◆ How to complete this task
Once you reach the line with "2015 Infiniti QX80" below, copy each line exactly, stopping after the line with "Air Jordan 1", and skip any pictures.

◆ Available data
____

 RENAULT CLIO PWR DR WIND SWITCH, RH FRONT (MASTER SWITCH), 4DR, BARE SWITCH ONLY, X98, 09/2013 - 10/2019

____

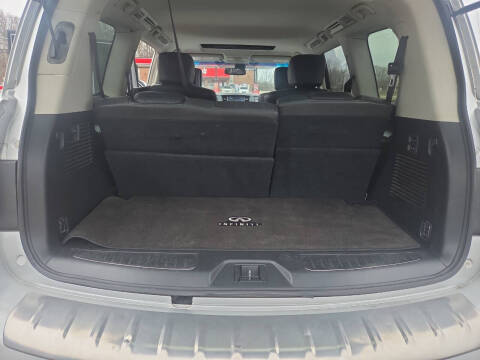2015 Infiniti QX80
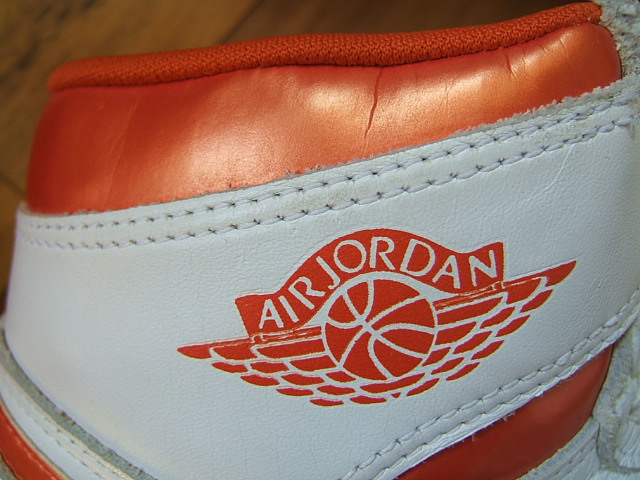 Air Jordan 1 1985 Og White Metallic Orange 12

____

◆ Answer section
2015 Infiniti QX80
 Air Jordan 1 1985 Og White Metallic Orange 12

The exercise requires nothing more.